Artur é um rapaz de 16 anos que frequenta o 6.º ano. Acorda todos os dias às 6 da manhã, passa a cara por água fria, come uma torrada fria e despacha o leite frio pela goela abaixo. Veste qualquer coisa, agarra na mochila e lá vai ele, apressado, todos os dias, para a fábrica clandestina de calçado, num barraco improvisado nas traseiras de um velho armazém, coser solas. Já faz isto há quase 6 anos, tem a mão certinha, a precisão de um mestre e a rapidez necessária para os pais faturarem. Até há pouco tempo trabalhava durante todo o dia, mas a Assistente Social estragou-lhes o esquema e obrigou-o a ir para a escola. Agora já só podem ganhar as duas horas da manhã e as duas do fim da tarde.
Por vezes, vezes a mais, o Artur chega tarde às aulas. Ora porque "perde o transporte", ora porque "adormece", ora porque "adoece"… qualquer coisa serve para ficar mais tempo a coser sapatos. Mas, atenção, todas as justificações chegam à Diretora de Turma devidamente assinadas pelo pai.
O aproveitamento escolar do Artur é miserável mas o comportamento, na maior parte dos dias, é exemplar. Tem uma necessidade imperiosa de agradar, de pertencer a alguém, de ser aceite pelos professores. Está sempre disponível para colaborar no que for preciso, carregando os livros da Professora de Português, arrumando a estante do material de desenho… Procura, incansavelmente, na comunidade escolar o afeto que há muito lhe fugiu em casa. Mas de vez em quando, aparentemente sem causa que o justifique, adota uma postura diametralmente oposta, rejeitando quaisquer tentativas de aproximação. A cozinheira da cantina chegou mesmo a ser agredida por ele. O Artur tem tanto de doce como de ácido, dependendo do grau de carência ou de revolta com que acorda. É quase visível o turbilhão descontrolado de emoções que mora nele. A doçura é meramente instrumental, usada para comprar pertença a alguém; a acidez serve para eliminar a possibilidade dessa pertença. Este paradoxo é compreensível se olharmos para o Artur como um miúdo perdido, habituado a não pertencer a ninguém, com tanto desejo de pertencer mas com maior receio de ser rejeitado.
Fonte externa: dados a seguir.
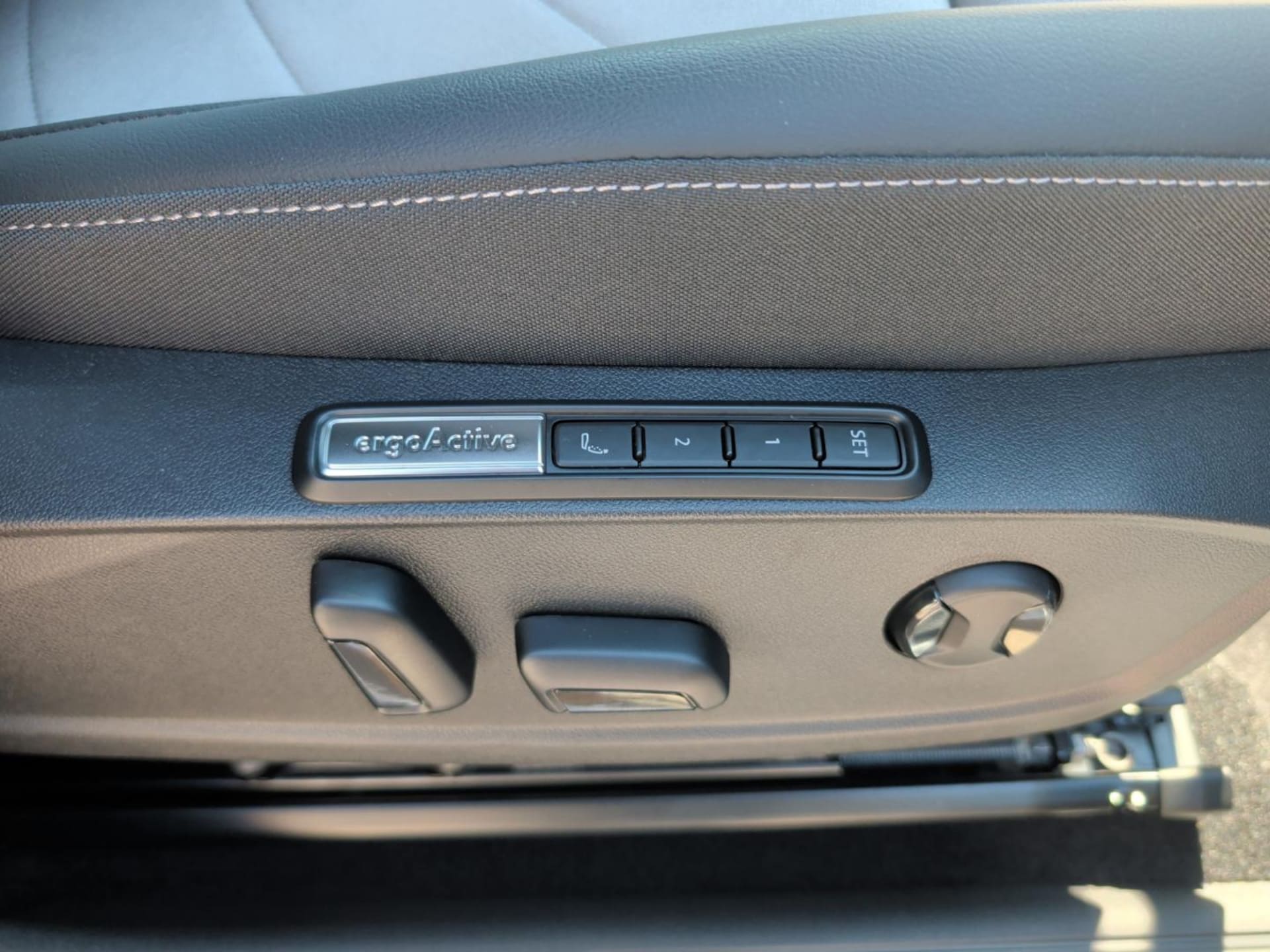 Volkswagen ID.3 Pro S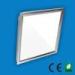 300x300 8Watt 800 LM Square LED Panel Light SMD3014 for office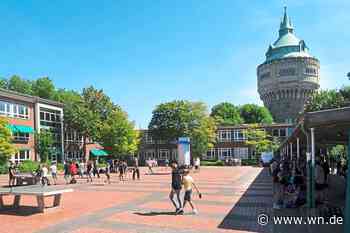 Millionenschwerer Anbau am Hittorf-Gymnasium geplant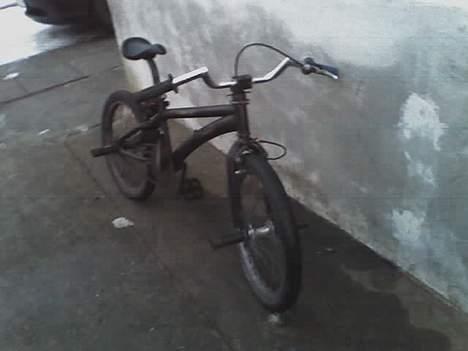 Ideal bmx(til salg/bytte) billede 3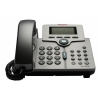 IP-телефон D-Link DPH-400S/E/F1 с большим экраном и разъемом для дополнительного модуля расширения клавиш (2 порта LAN)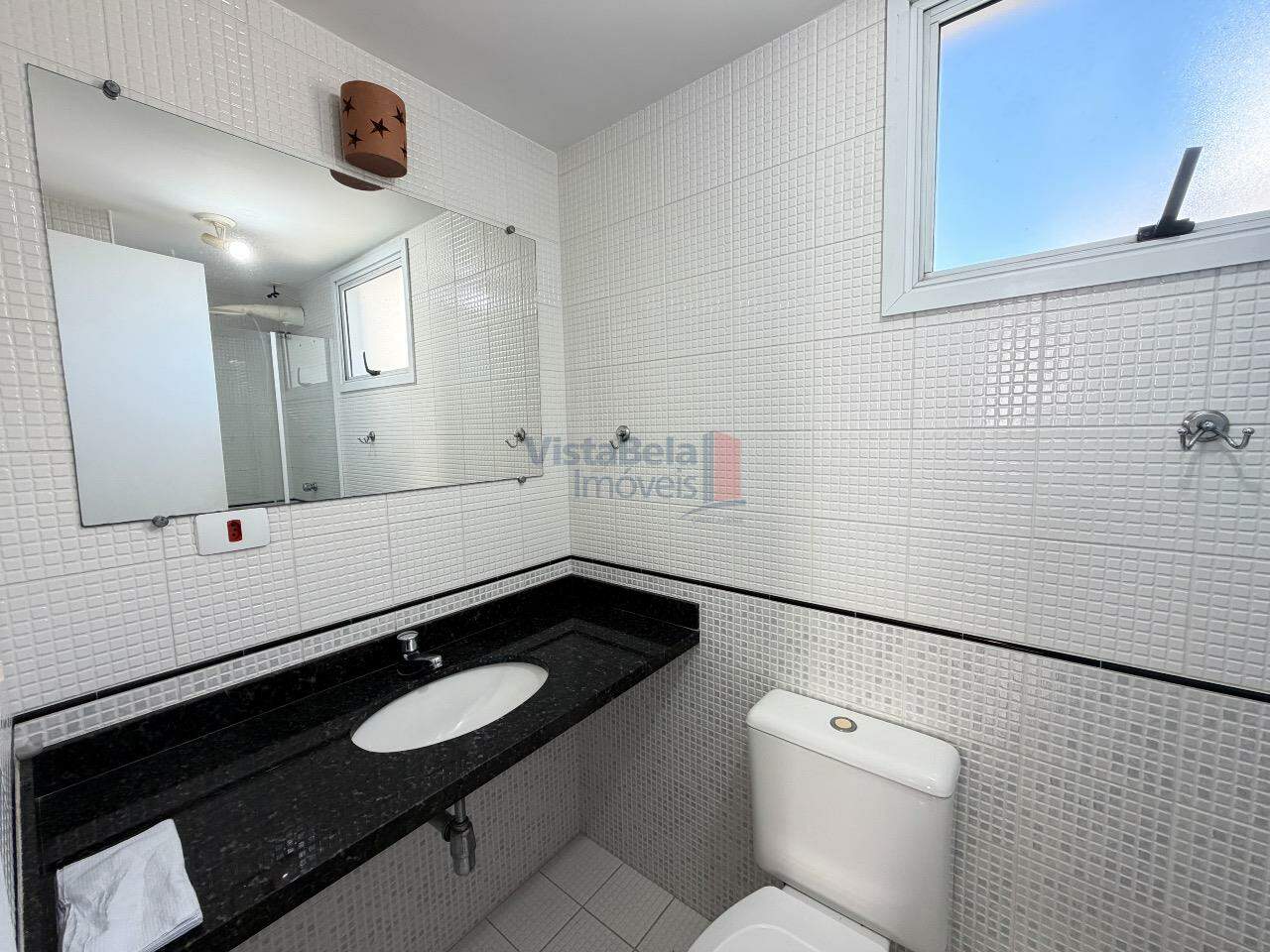 Apartamento para aluguel no Vila Costa:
Este miúdo, de nome fictício mas apenas o nome, com uma história de vida semelhante à de muitas que grassam discretamente por este país desenvolvido afora, é o resultado de uma educação reiteradamente omissa e negligente, fator que leva a que a perspetiva afetiva sobre o mundo e sobre as pessoas fique gravemente distorcida e, em alguns casos, permanentemente danificada.
O papel dos pais na educação afetiva dos filhos é central e determinante para a formação de caráter. O caráter decorre da segurança, a segurança decorre da pertença, a pertença do envolvimento, o envolvimento do compromisso, o compromisso da responsabilidade, a responsabilidade da justiça e a justiça, por último, decorre do caráter.
A negligência parental não é exclusiva de meios socioeconómicos desfavoráveis. Embora pese, pelas dificuldades e prioridades que lhe estão associadas, a questão financeira não determina o estilo de educação. Também não depende apenas das caraterísticas do miúdo, da maior ou menor resistência à disciplina, da exteriorização de sentimentos, da comunicação… O fator principal na educação dos afetos é a importância que a criança percebe que tem face às pessoas que lhe são mais significativas. Para educar uma criança neste sentido basta que os pais se façam presentes e justos. A presença dos pais do Artur resume-se a alimentá-lo a frio e a justiça, bom, é a que vimos. Aos 16 anos, graças à Assistente Social, tomará a escola conta da minimização possível dos danos. E aos pais nada acontecerá.